— Assignment —
When you reach the line containing "profil pic MAGNOLIA MENDES Ana" in the records below, start copying exactly, and stop once you have copied the line containing "Ponce se va a San Luis".

— Data in this exercise —
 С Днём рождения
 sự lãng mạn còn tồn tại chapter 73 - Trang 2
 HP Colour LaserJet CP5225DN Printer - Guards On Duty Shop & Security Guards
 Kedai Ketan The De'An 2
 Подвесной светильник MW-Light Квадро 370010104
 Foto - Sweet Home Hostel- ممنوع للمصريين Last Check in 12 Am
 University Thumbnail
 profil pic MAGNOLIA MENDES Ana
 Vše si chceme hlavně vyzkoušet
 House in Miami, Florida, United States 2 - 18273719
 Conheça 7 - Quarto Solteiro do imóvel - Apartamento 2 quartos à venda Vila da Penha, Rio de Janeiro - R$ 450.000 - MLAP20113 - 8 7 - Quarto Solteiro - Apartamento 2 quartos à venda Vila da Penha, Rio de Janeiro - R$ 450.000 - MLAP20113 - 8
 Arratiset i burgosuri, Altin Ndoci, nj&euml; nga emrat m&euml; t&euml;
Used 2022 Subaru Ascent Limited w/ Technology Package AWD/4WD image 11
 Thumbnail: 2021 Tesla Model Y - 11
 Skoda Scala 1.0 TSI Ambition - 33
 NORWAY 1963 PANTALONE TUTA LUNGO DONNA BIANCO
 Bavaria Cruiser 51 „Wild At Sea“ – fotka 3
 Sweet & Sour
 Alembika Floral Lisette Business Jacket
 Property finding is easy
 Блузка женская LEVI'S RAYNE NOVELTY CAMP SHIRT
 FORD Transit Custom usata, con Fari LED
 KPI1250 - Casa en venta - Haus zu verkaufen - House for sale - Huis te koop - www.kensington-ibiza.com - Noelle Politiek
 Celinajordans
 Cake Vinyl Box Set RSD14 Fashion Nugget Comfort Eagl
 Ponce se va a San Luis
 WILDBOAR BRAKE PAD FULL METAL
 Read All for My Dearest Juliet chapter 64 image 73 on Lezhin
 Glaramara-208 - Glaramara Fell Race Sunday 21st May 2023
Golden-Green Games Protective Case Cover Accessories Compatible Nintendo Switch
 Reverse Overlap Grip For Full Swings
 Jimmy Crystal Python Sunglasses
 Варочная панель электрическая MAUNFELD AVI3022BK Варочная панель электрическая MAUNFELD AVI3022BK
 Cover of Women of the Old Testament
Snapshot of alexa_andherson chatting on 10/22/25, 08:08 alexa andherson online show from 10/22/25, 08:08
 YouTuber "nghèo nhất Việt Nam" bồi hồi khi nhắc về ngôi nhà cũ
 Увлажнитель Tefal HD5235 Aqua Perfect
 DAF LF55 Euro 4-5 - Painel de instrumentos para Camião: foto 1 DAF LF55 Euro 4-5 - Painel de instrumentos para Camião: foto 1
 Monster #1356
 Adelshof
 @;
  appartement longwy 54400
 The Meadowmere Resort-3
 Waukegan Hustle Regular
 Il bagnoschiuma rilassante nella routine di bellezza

— Exercise output —
 profil pic MAGNOLIA MENDES Ana
 Vše si chceme hlavně vyzkoušet
 House in Miami, Florida, United States 2 - 18273719
 Conheça 7 - Quarto Solteiro do imóvel - Apartamento 2 quartos à venda Vila da Penha, Rio de Janeiro - R$ 450.000 - MLAP20113 - 8 7 - Quarto Solteiro - Apartamento 2 quartos à venda Vila da Penha, Rio de Janeiro - R$ 450.000 - MLAP20113 - 8
 Arratiset i burgosuri, Altin Ndoci, nj&euml; nga emrat m&euml; t&euml;
Used 2022 Subaru Ascent Limited w/ Technology Package AWD/4WD image 11
 Thumbnail: 2021 Tesla Model Y - 11
 Skoda Scala 1.0 TSI Ambition - 33
 NORWAY 1963 PANTALONE TUTA LUNGO DONNA BIANCO
 Bavaria Cruiser 51 „Wild At Sea“ – fotka 3
 Sweet & Sour
 Alembika Floral Lisette Business Jacket
 Property finding is easy
 Блузка женская LEVI'S RAYNE NOVELTY CAMP SHIRT
 FORD Transit Custom usata, con Fari LED
 KPI1250 - Casa en venta - Haus zu verkaufen - House for sale - Huis te koop - www.kensington-ibiza.com - Noelle Politiek
 Celinajordans
 Cake Vinyl Box Set RSD14 Fashion Nugget Comfort Eagl
 Ponce se va a San Luis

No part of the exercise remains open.